>>

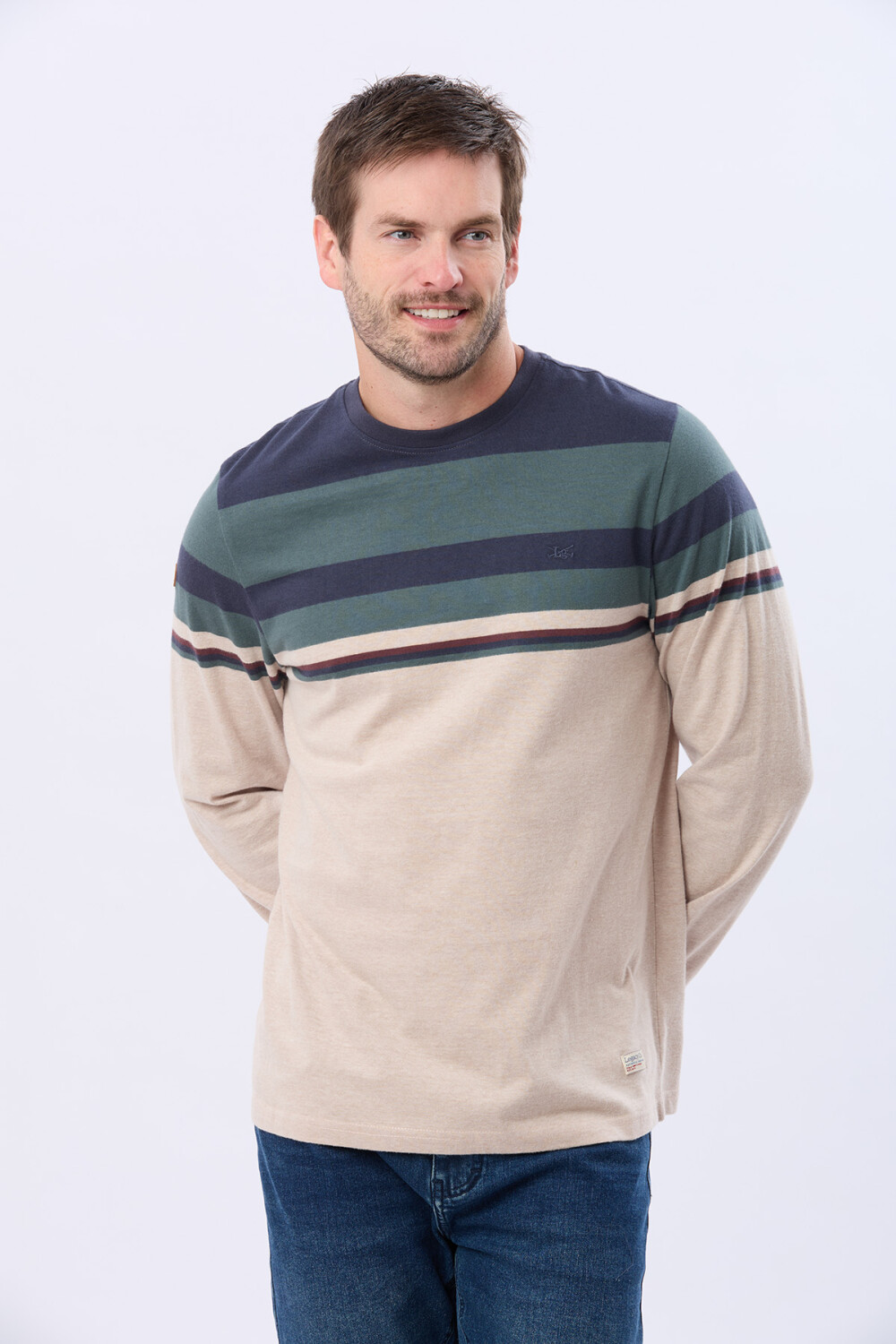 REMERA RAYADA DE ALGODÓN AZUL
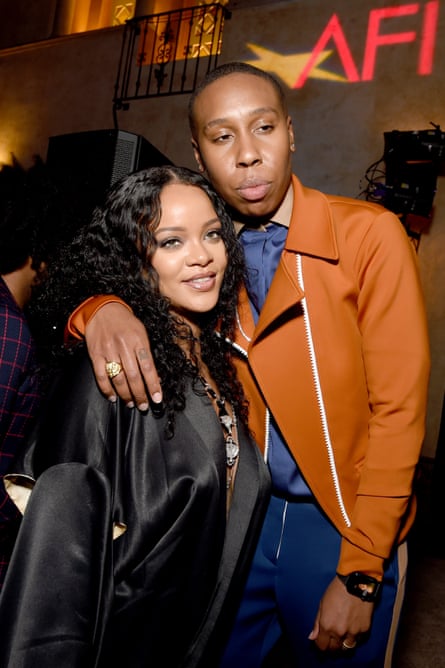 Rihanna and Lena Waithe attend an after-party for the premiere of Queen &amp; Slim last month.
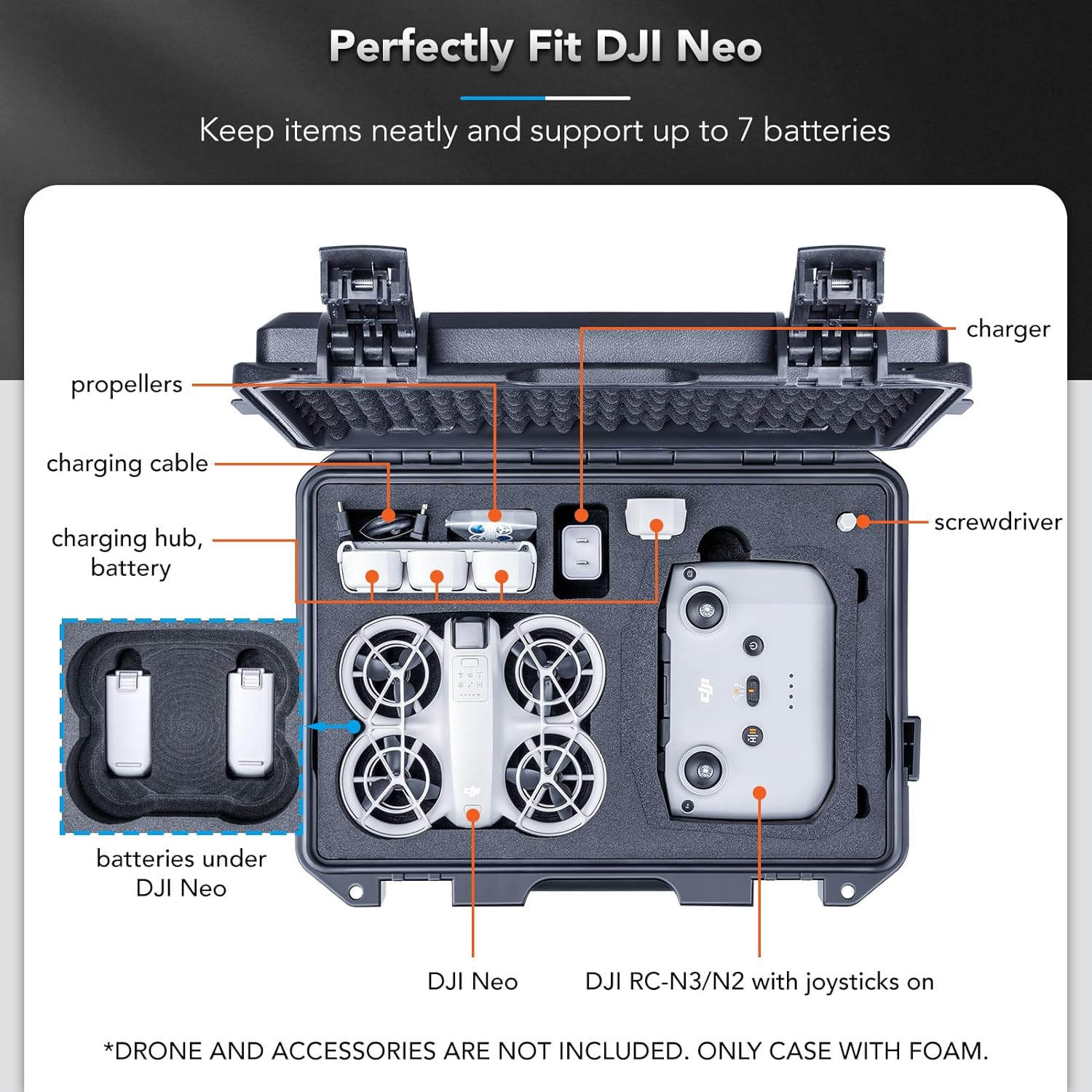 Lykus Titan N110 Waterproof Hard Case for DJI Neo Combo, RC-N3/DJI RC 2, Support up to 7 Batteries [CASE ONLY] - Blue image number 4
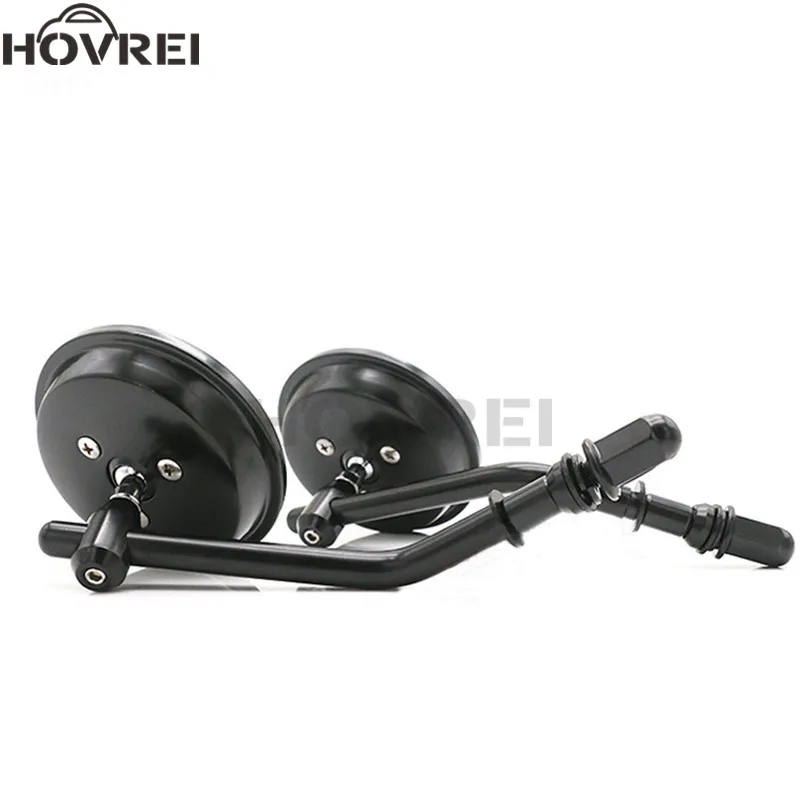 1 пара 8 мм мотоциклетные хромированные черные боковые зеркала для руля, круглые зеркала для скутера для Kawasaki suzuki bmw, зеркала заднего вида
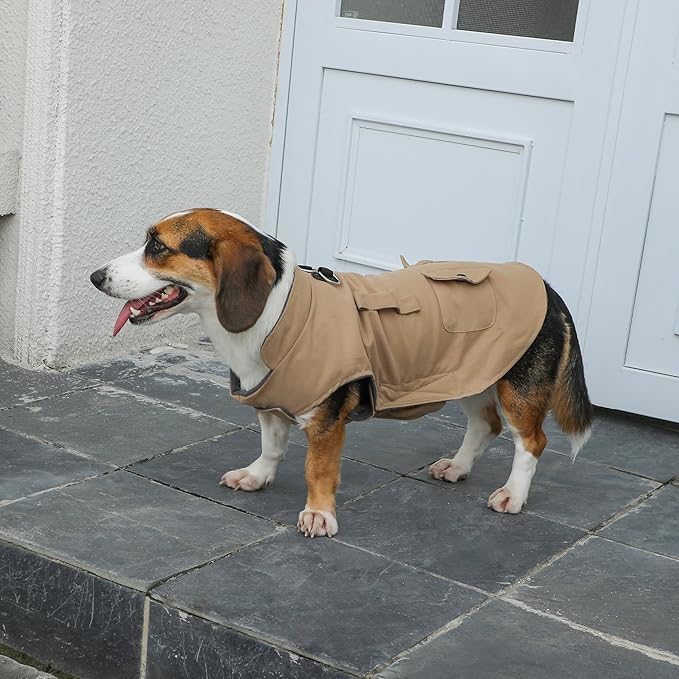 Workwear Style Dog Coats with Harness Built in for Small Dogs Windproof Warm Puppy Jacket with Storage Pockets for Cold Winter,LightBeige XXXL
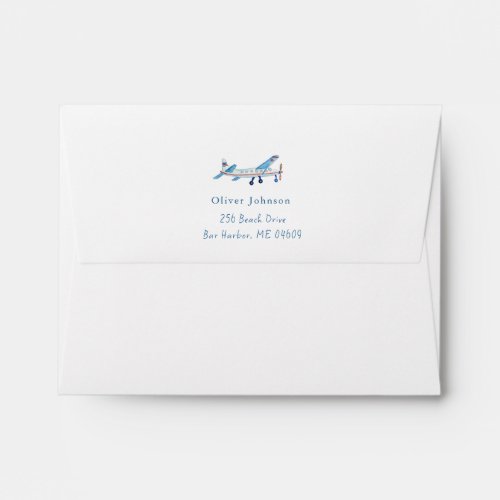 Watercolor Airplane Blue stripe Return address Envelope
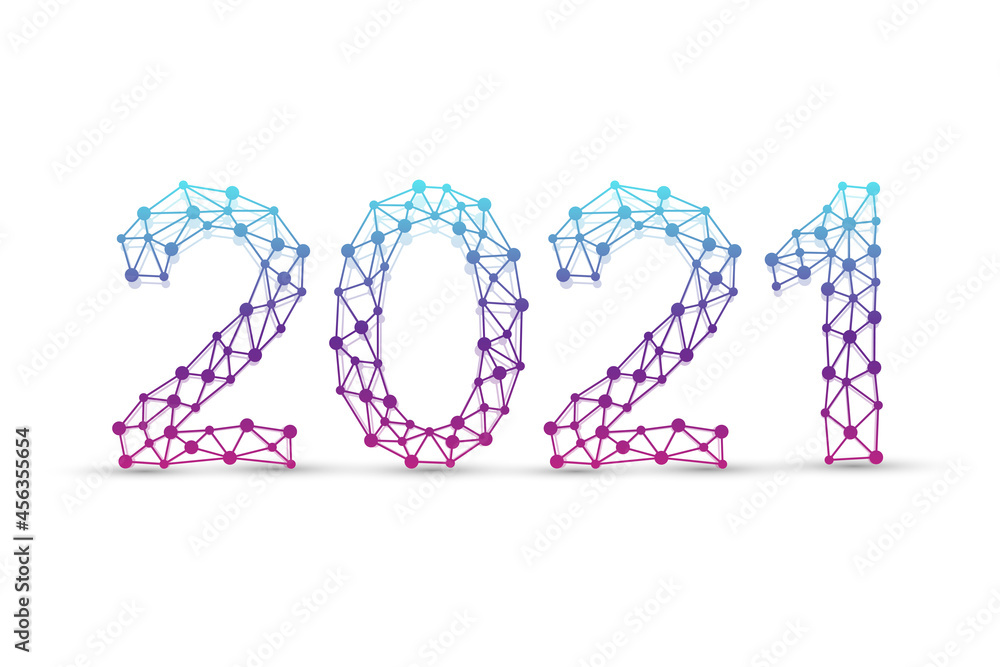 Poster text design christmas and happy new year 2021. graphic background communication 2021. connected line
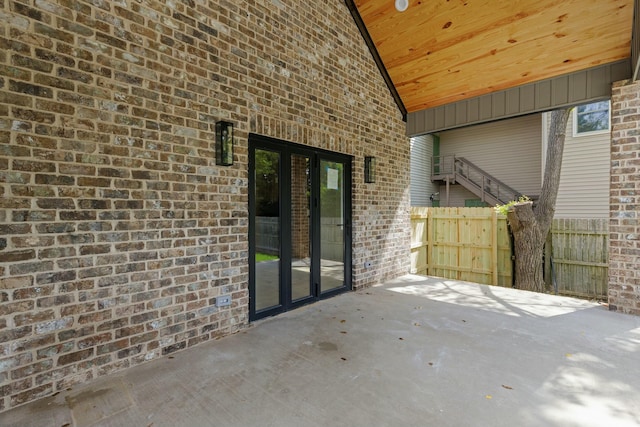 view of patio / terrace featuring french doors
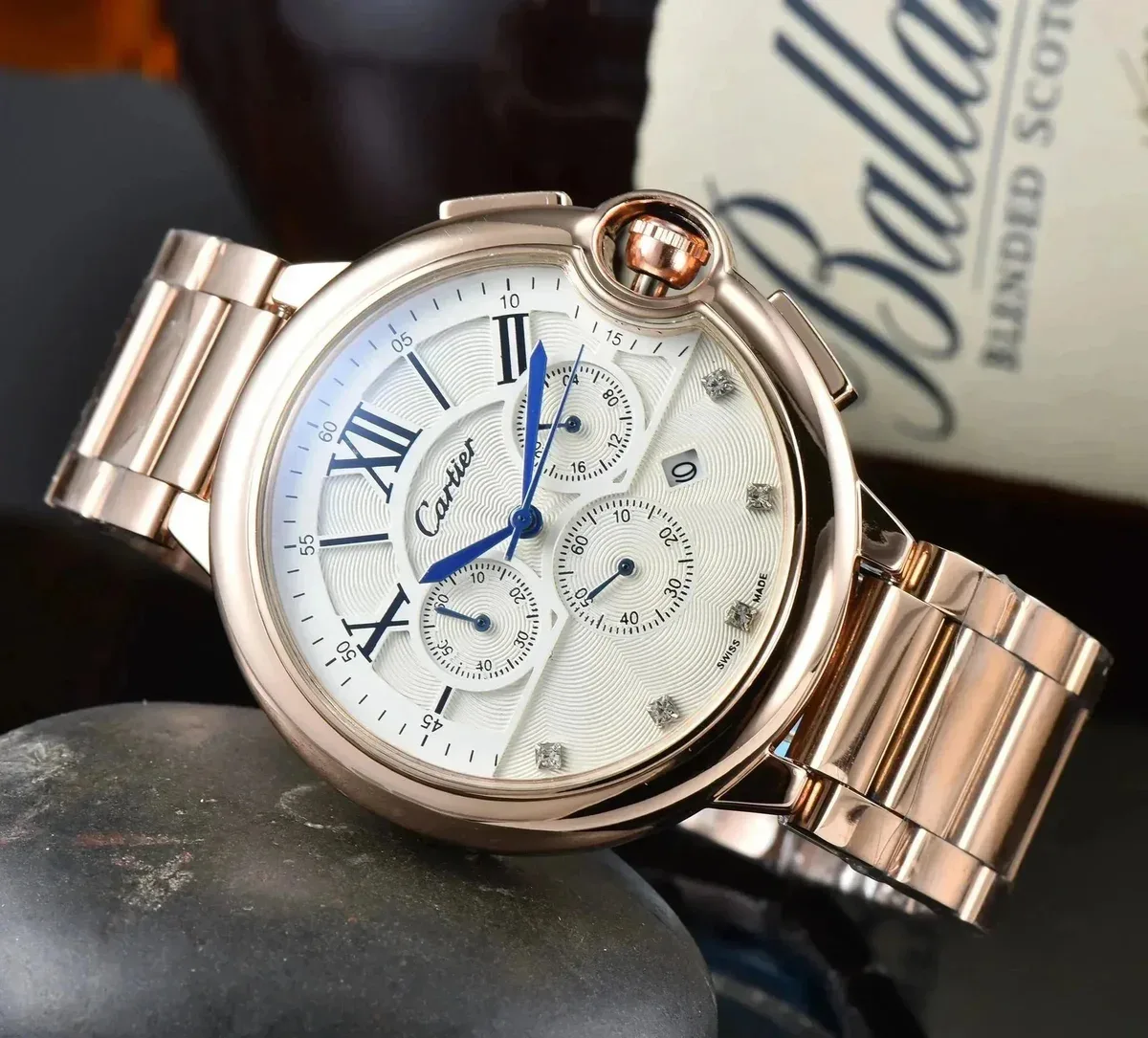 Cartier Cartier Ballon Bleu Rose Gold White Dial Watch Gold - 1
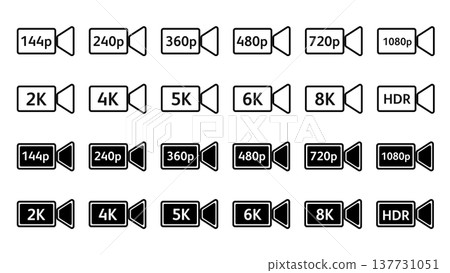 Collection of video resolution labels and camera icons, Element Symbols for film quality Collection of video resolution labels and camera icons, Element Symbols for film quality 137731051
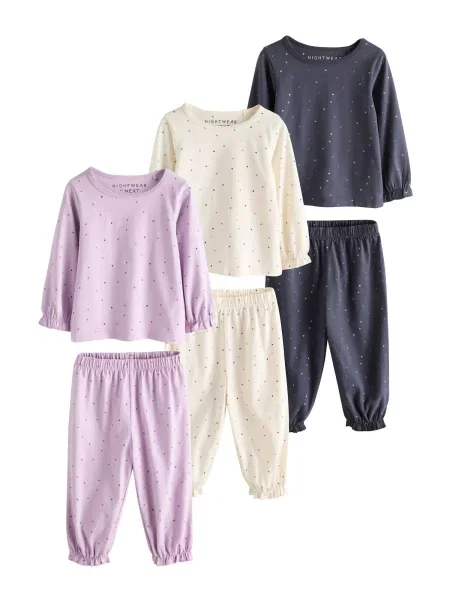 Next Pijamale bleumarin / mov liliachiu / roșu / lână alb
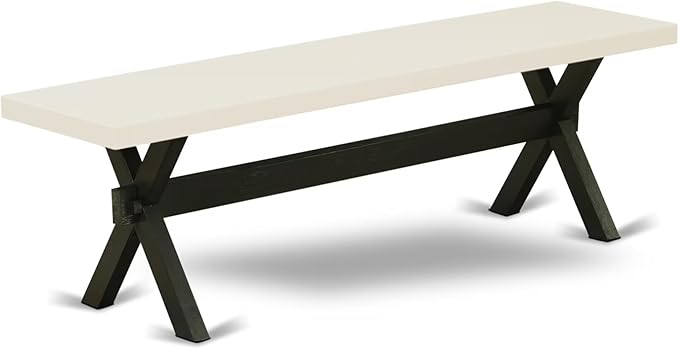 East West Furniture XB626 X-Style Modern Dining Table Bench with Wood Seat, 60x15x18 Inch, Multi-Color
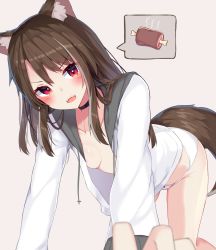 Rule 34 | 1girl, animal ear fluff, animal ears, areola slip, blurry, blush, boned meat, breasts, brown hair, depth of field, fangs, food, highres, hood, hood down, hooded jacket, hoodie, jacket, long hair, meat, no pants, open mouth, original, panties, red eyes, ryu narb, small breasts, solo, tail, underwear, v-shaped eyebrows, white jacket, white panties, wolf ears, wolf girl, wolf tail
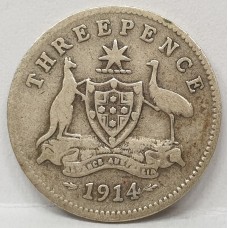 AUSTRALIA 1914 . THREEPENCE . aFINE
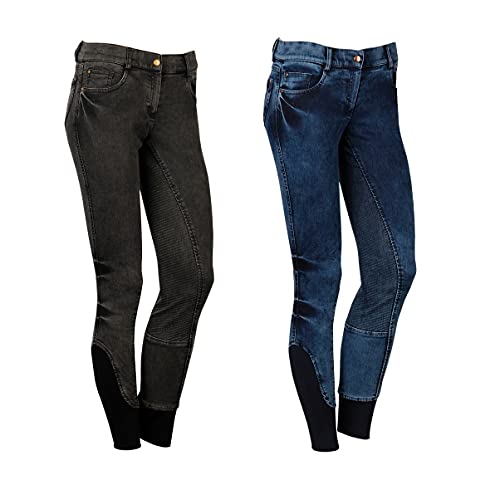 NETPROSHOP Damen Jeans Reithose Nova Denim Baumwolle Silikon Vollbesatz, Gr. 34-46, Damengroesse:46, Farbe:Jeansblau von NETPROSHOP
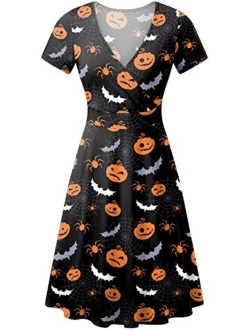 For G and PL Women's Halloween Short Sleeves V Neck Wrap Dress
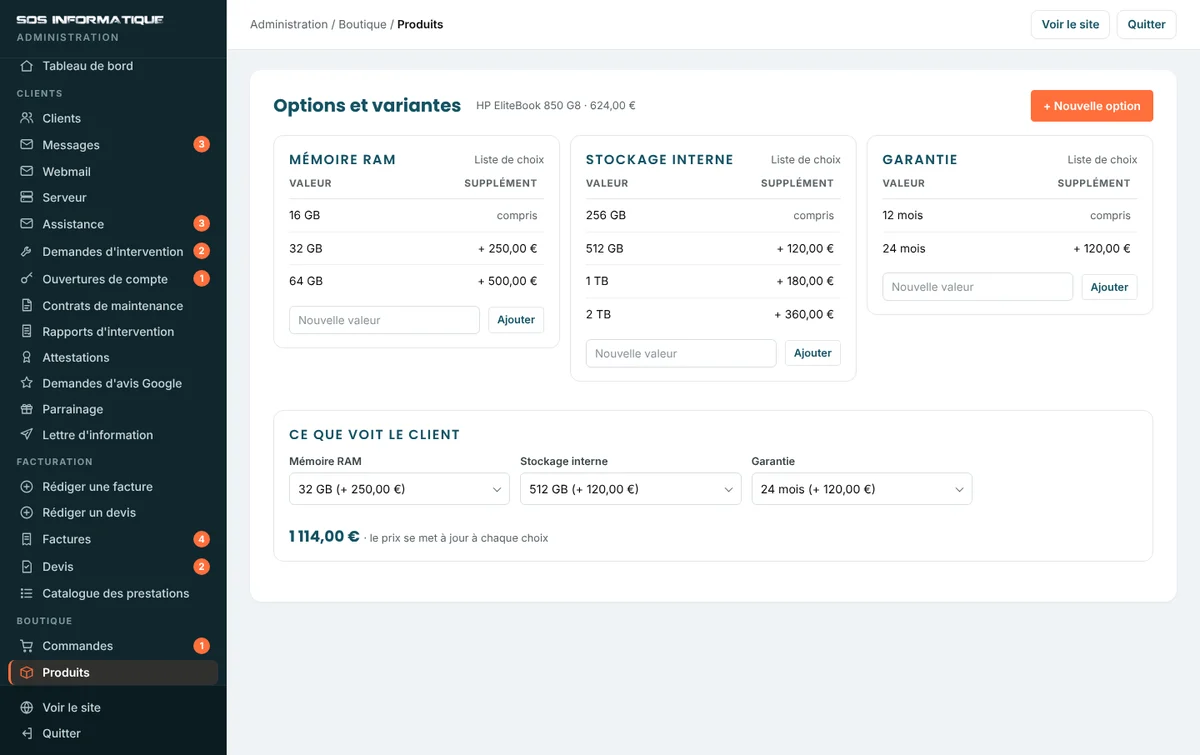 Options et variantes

<<

Reproduce each line of the records above, exactly and without pictures.

 REMERA RAYADA DE ALGODÓN AZUL
 Rihanna and Lena Waithe attend an after-party for the premiere of Queen &amp; Slim last month.
 Lykus Titan N110 Waterproof Hard Case for DJI Neo Combo, RC-N3/DJI RC 2, Support up to 7 Batteries [CASE ONLY] - Blue image number 4
 1 пара 8 мм мотоциклетные хромированные черные боковые зеркала для руля, круглые зеркала для скутера для Kawasaki suzuki bmw, зеркала заднего вида
 Workwear Style Dog Coats with Harness Built in for Small Dogs Windproof Warm Puppy Jacket with Storage Pockets for Cold Winter,LightBeige XXXL
 Watercolor Airplane Blue stripe Return address Envelope
 Poster text design christmas and happy new year 2021. graphic background communication 2021. connected line
 view of patio / terrace featuring french doors
 Cartier Cartier Ballon Bleu Rose Gold White Dial Watch Gold - 1
 Collection of video resolution labels and camera icons, Element Symbols for film quality Collection of video resolution labels and camera icons, Element Symbols for film quality 137731051
 Next Pijamale bleumarin / mov liliachiu / roșu / lână alb
 East West Furniture XB626 X-Style Modern Dining Table Bench with Wood Seat, 60x15x18 Inch, Multi-Color
 Rule 34 | 1girl, animal ear fluff, animal ears, areola slip, blurry, blush, boned meat, breasts, brown hair, depth of field, fangs, food, highres, hood, hood down, hooded jacket, hoodie, jacket, long hair, meat, no pants, open mouth, original, panties, red eyes, ryu narb, small breasts, solo, tail, underwear, v-shaped eyebrows, white jacket, white panties, wolf ears, wolf girl, wolf tail
 AUSTRALIA 1914 . THREEPENCE . aFINE
 NETPROSHOP Damen Jeans Reithose Nova Denim Baumwolle Silikon Vollbesatz, Gr. 34-46, Damengroesse:46, Farbe:Jeansblau von NETPROSHOP
 For G and PL Women's Halloween Short Sleeves V Neck Wrap Dress
 Options et variantes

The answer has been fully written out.